=== Entries supplied ===
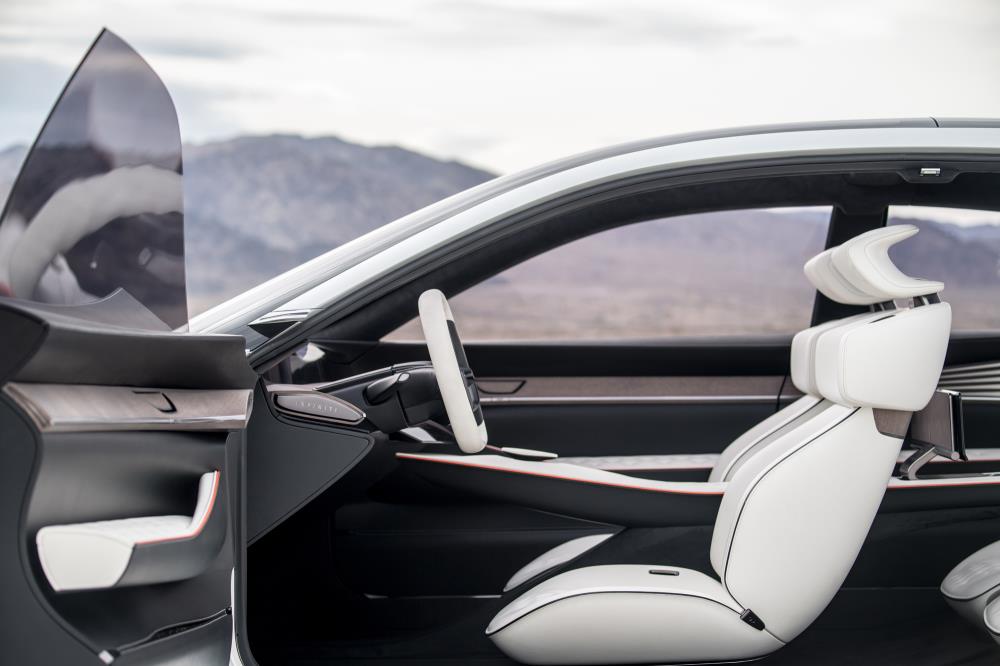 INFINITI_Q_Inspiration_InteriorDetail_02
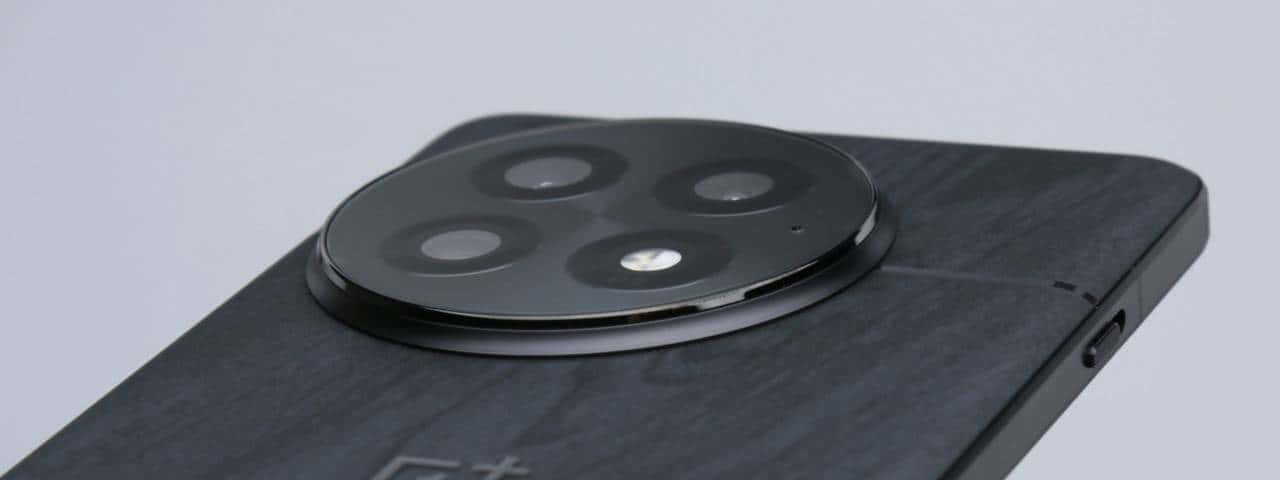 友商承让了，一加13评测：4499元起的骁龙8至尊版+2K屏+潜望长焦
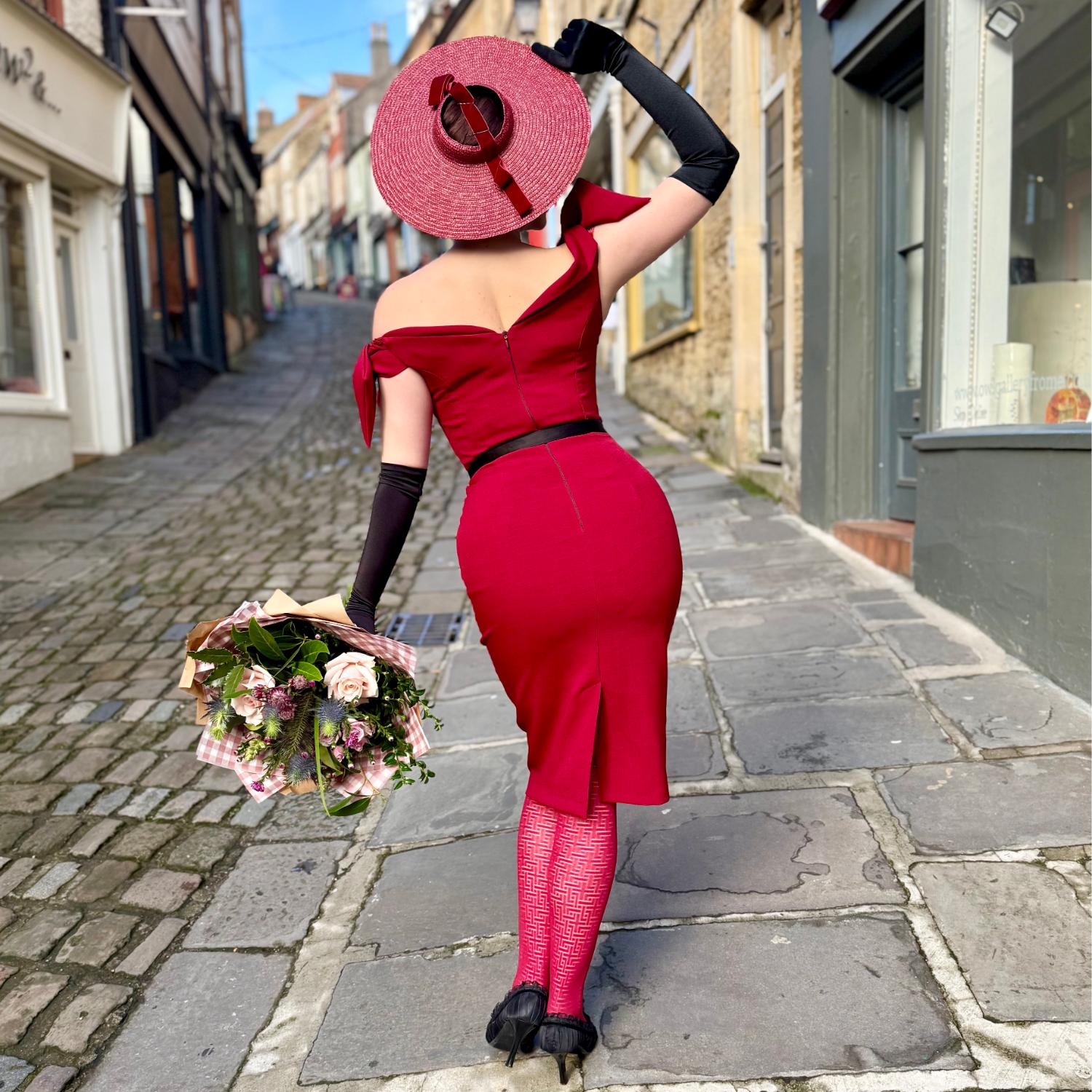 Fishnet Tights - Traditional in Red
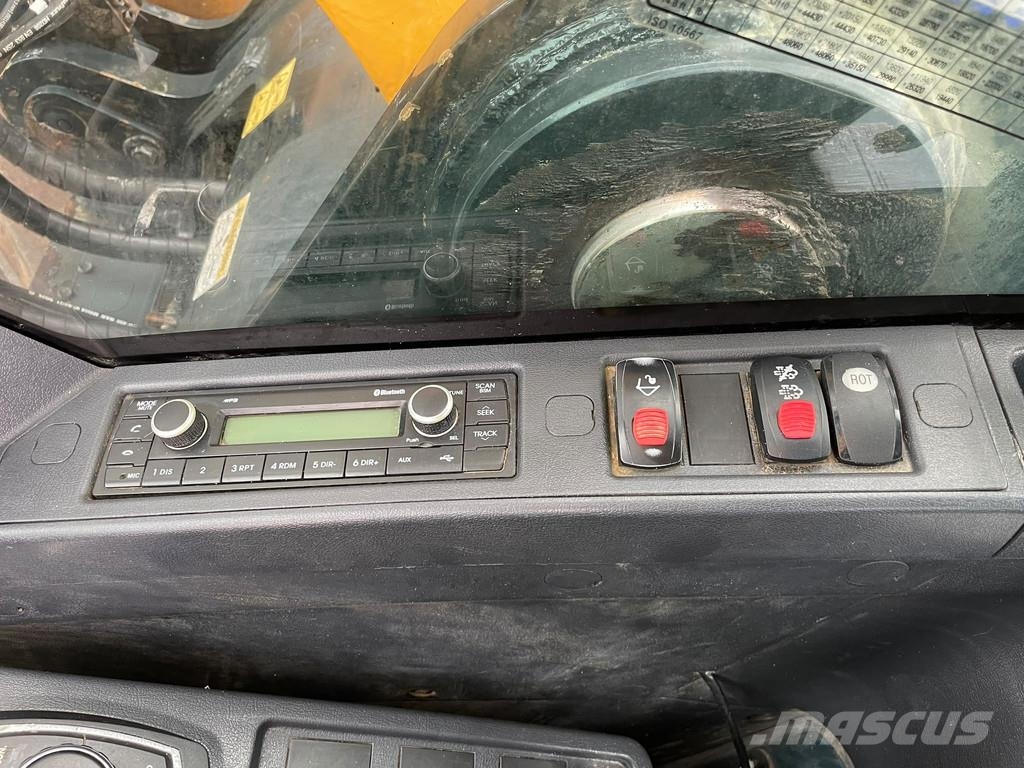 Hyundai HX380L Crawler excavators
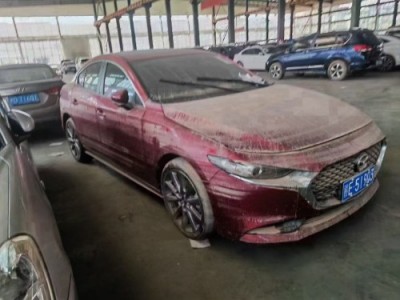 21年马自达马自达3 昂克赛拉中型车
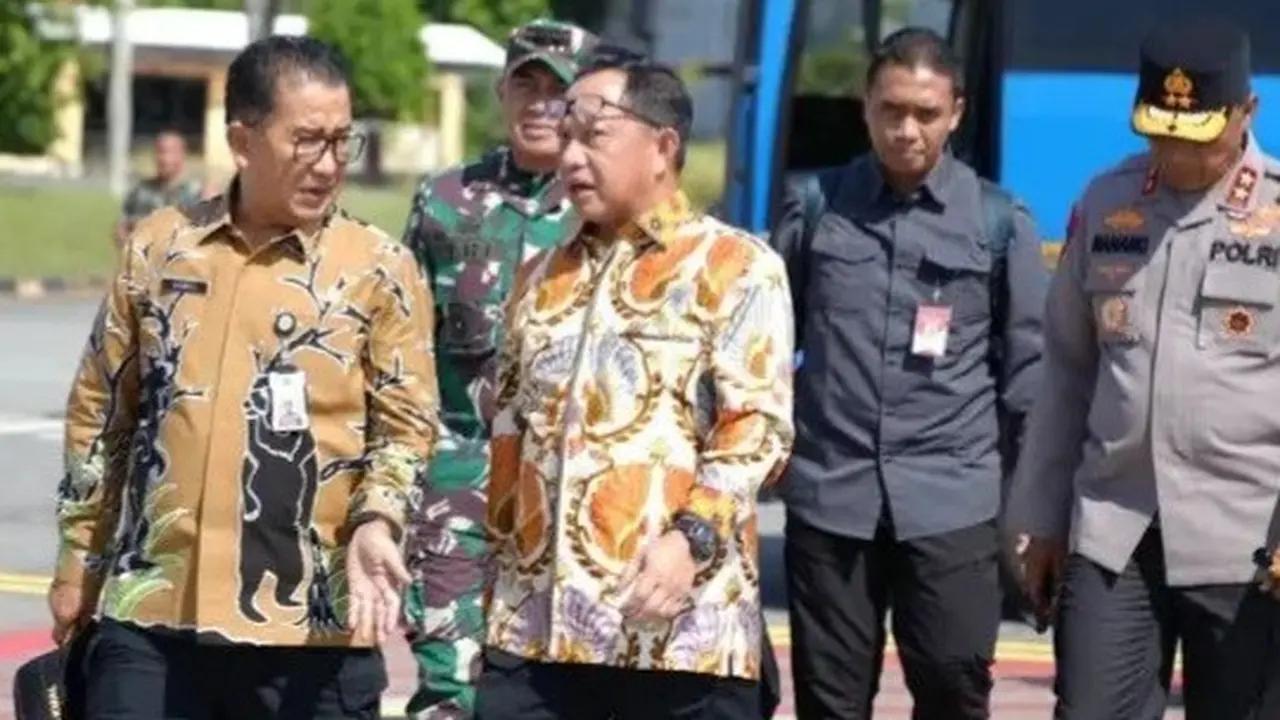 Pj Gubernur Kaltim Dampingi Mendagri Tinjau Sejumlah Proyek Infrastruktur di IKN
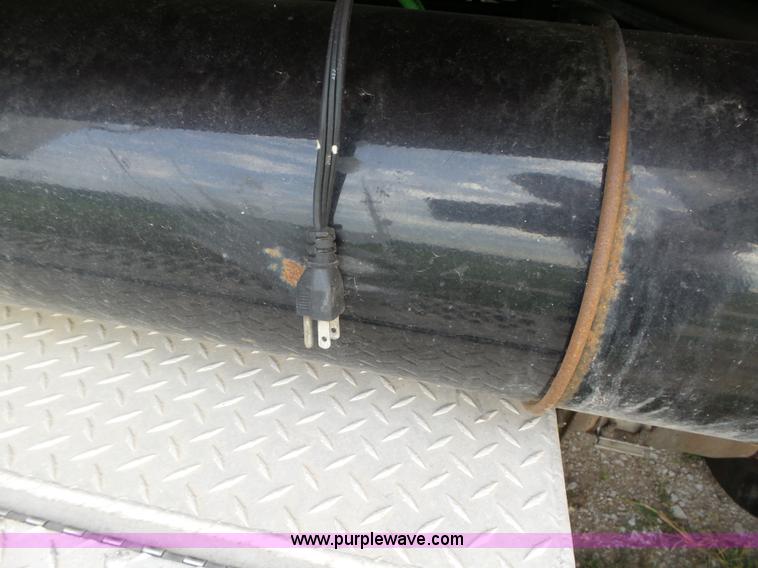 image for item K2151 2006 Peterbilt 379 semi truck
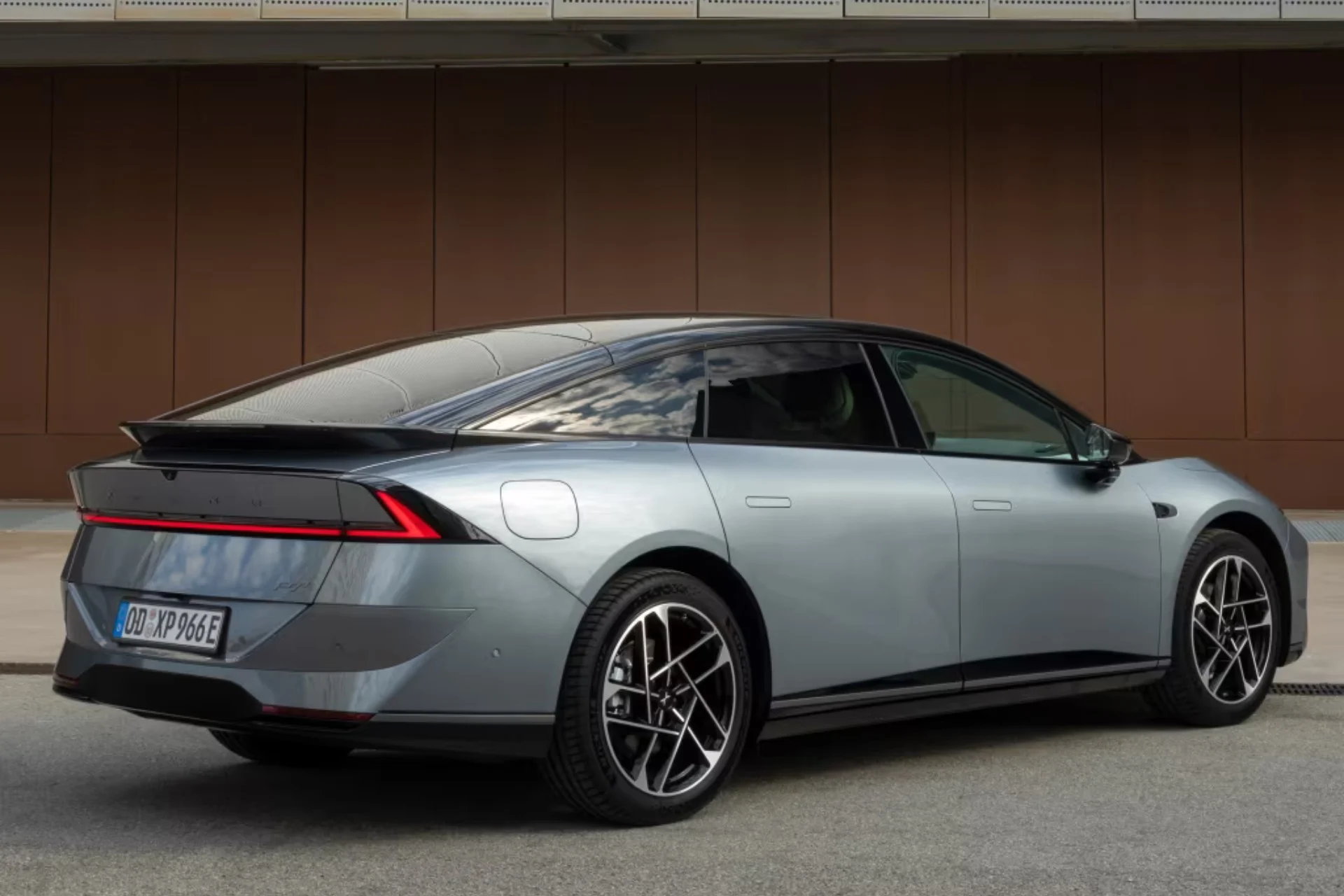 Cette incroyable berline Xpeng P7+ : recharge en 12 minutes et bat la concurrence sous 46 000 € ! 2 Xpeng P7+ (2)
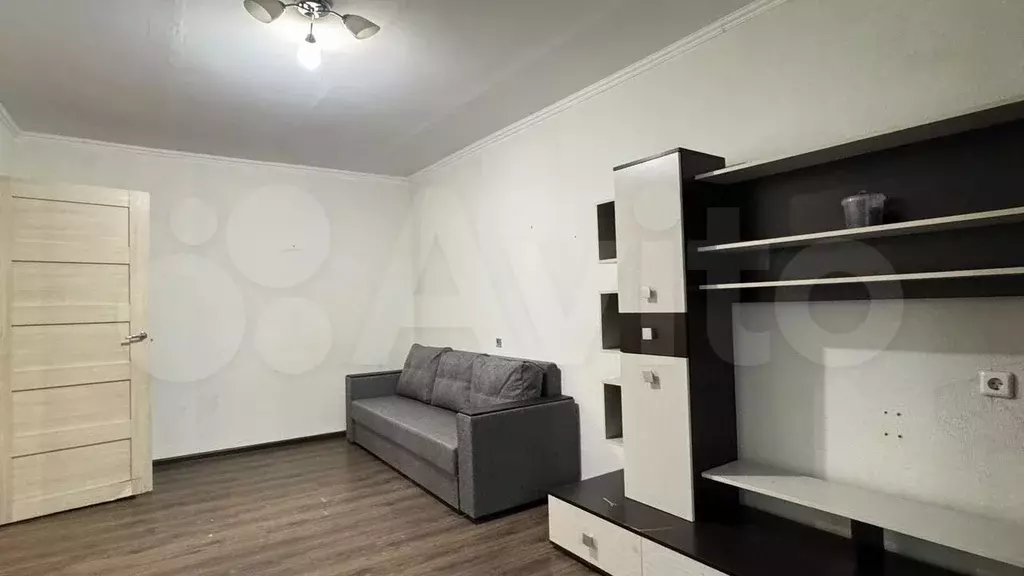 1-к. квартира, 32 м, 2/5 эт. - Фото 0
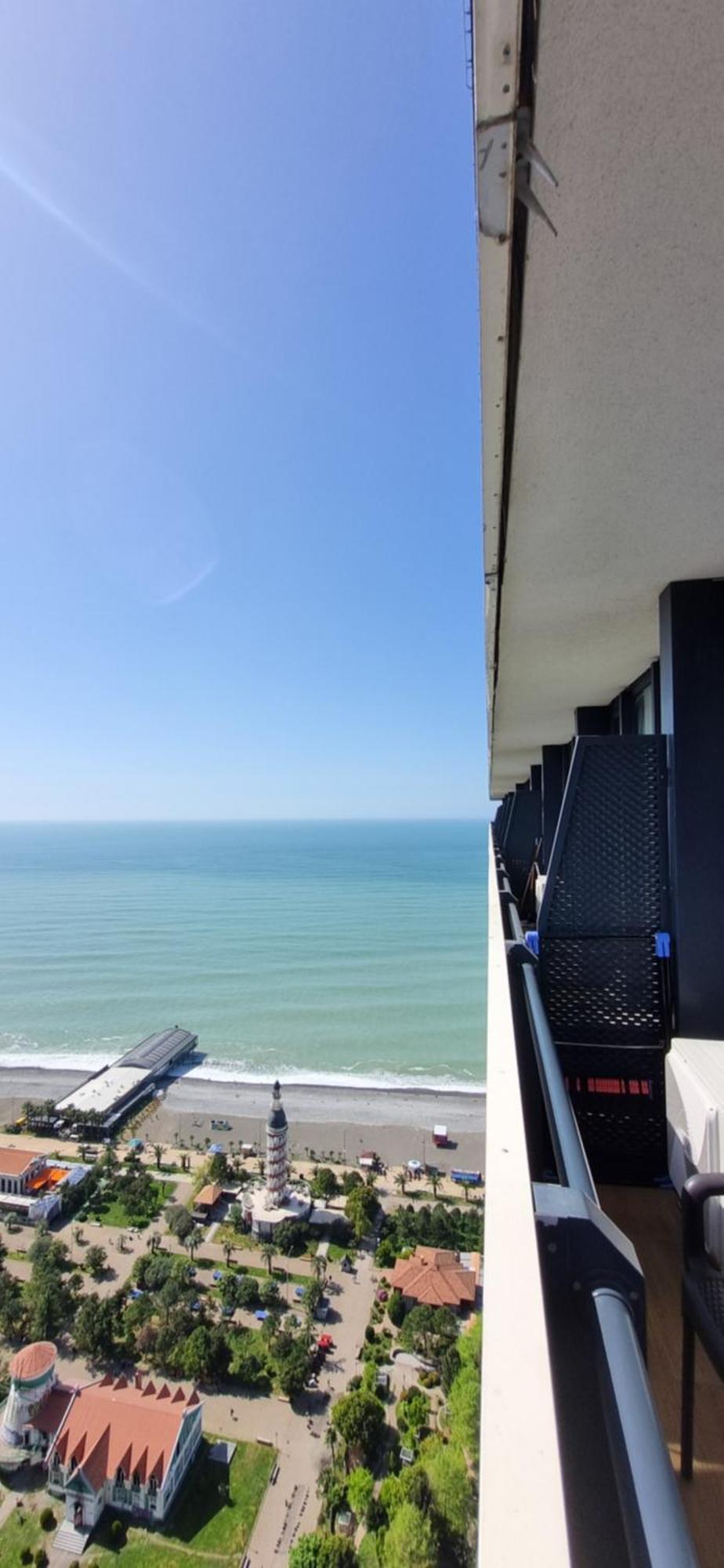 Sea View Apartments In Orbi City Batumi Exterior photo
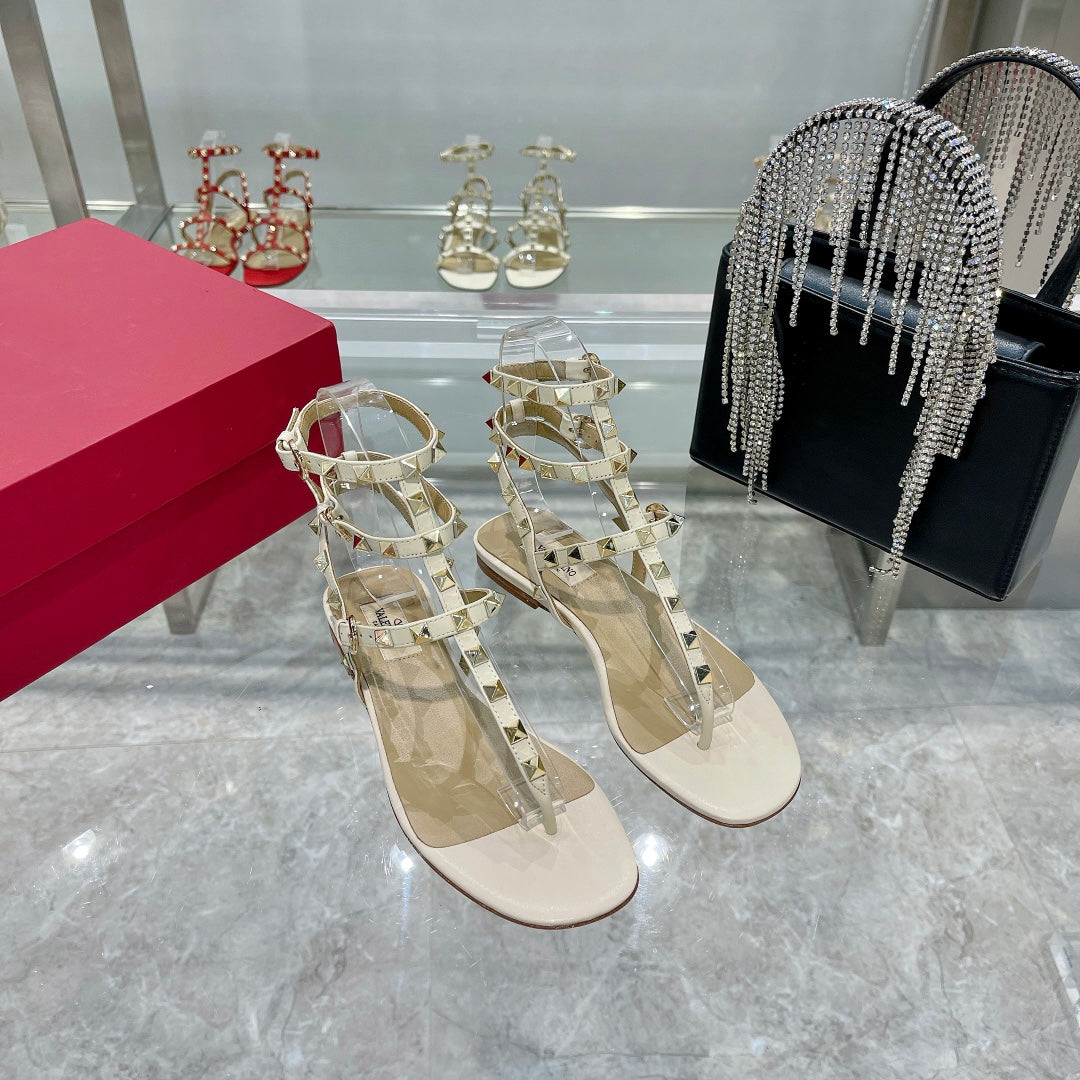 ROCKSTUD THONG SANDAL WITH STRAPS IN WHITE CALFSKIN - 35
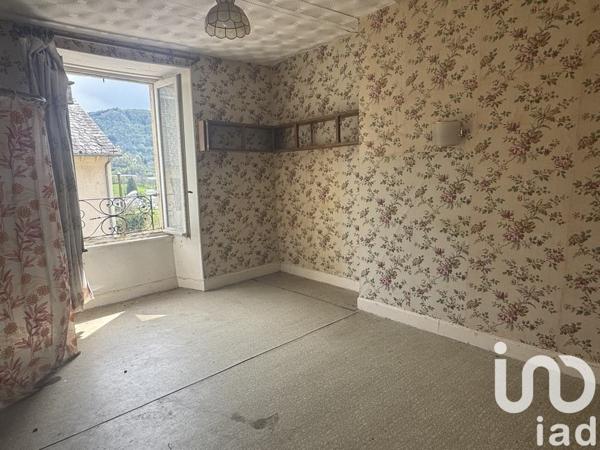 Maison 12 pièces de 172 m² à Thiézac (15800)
===
§ About this exercise:
Beginning with the line where "image for item" appears, restate word for word every line down to the last one in the data, but keep the pictures out.

§ Response below:
 image for item K2151 2006 Peterbilt 379 semi truck
 Cette incroyable berline Xpeng P7+ : recharge en 12 minutes et bat la concurrence sous 46 000 € ! 2 Xpeng P7+ (2)
 1-к. квартира, 32 м, 2/5 эт. - Фото 0
 Sea View Apartments In Orbi City Batumi Exterior photo
 ROCKSTUD THONG SANDAL WITH STRAPS IN WHITE CALFSKIN - 35
 Maison 12 pièces de 172 m² à Thiézac (15800)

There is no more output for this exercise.